O teólogo Jürgen Moltmann escrevia — «sou porque existes» — sublinhando a importância do relacionamento com os outros para nos darmos conta de que existimos. Os relacionamentos são mais constitutivos da nossa pessoa do que os ossos são para o nosso corpo. E se não conseguimos imaginar o corpo sem ossos, não deveríamos ser capazes de imaginar a nossa pessoa sem relacionamentos. E quando não temos ninguém com quem nos relacionarmos, relacionamo-nos com as pedras e qualquer outra coisa (nem que seja uma bola de voleibol como no filme “Naufrago”) presente no ambiente à nossa volta.
Num ossário de frades franciscanos no lugar onde S. Francisco escreveu a sua primeira regra, encontrei uma frase enigmática — «Aquilo que sois, fostes... aquilo sois, sereis.» — ossos? Matéria? Ninguém nos reconhece pelos nossos ossos, mas todos os relacionamentos que estabelecermos serão motivo para nos reconhecerem quando tudo o que restar de nós forem os nossos ossos. Mas a frase parecia dizer-me como tudo o que acontece que nos leva a experimentar o tempo está ligado. Não podemos negar o nosso passado, mas também não podemos comprometer com o passado, o futuro, porque estamos sempre a mudar. Por exemplo, depois de acabares de ler esta frase, és já uma pessoa diferente, transformada por aquilo que leste e que reorganizou o teu cérebro, mesmo sem te dares conta disso.

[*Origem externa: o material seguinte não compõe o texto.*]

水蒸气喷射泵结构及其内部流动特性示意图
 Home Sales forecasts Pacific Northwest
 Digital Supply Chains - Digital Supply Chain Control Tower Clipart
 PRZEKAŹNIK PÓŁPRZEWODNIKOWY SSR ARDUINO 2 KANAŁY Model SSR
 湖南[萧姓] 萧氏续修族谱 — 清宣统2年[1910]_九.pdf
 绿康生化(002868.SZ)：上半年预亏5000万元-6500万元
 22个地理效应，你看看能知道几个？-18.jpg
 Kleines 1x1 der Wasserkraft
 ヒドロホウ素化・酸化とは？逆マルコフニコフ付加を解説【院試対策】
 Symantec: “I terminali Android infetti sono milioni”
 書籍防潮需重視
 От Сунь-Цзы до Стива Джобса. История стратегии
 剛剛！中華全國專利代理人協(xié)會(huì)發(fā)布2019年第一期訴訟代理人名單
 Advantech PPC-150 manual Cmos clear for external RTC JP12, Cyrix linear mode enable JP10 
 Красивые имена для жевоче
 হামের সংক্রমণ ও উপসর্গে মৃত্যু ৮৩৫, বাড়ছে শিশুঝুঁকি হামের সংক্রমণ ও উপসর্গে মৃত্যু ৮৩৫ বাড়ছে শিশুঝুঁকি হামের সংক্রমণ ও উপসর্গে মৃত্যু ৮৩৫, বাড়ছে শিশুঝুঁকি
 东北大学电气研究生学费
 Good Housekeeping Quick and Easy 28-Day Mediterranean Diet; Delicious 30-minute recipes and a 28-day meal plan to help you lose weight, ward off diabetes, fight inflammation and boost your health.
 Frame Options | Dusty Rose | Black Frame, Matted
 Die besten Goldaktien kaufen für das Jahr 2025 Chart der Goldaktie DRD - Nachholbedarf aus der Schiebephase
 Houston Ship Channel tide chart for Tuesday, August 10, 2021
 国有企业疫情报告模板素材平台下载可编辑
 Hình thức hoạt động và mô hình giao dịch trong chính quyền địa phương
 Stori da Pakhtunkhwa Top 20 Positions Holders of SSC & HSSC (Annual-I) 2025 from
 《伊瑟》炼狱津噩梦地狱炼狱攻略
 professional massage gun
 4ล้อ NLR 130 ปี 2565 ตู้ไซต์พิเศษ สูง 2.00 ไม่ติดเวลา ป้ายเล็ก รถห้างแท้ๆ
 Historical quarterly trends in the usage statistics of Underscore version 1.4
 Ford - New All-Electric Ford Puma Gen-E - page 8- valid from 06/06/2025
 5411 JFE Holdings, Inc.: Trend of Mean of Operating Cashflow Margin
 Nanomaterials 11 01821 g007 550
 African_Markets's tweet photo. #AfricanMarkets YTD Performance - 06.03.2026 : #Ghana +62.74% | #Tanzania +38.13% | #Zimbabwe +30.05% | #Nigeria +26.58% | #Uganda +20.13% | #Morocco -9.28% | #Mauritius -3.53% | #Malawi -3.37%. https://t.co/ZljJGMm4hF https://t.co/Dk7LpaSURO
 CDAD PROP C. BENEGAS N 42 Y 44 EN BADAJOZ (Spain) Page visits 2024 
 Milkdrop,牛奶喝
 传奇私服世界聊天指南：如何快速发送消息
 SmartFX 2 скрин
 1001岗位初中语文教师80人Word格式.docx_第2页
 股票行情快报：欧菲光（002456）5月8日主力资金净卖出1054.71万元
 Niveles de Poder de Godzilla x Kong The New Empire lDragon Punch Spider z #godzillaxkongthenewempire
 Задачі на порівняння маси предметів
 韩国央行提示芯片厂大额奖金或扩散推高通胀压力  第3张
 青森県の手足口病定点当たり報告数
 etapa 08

«Oh!»— encolhes os ombros — «Mas se estou bem relativamente a quem sou, por que razão haveria de querer ser diferente?»— Mas, e se ao seres diferente pudesses fazer maior diferença ainda na vida dos outros? Não é somente por nós próprios que vale a pena ser diferente, mas pelo tecido de relações que estabelecemos ao longo da vida, o nosso ser está intimamente ligado ao ser dos outros.
“Quem sou?” é mais do que uma das perguntas fundamentais da nossa existência. É a pergunta que nos impulsiona a desacelerar num mundo dominado pelos ponteiros do relógio e a redescobrir o valor dos relacionamentos com os outros para nos darmos maior conta de que o “sou”, na realidade, é mais um “somos”. Por outro lado, se quiseres ajudar o outro a descobrir quem é, interessa-te por ele.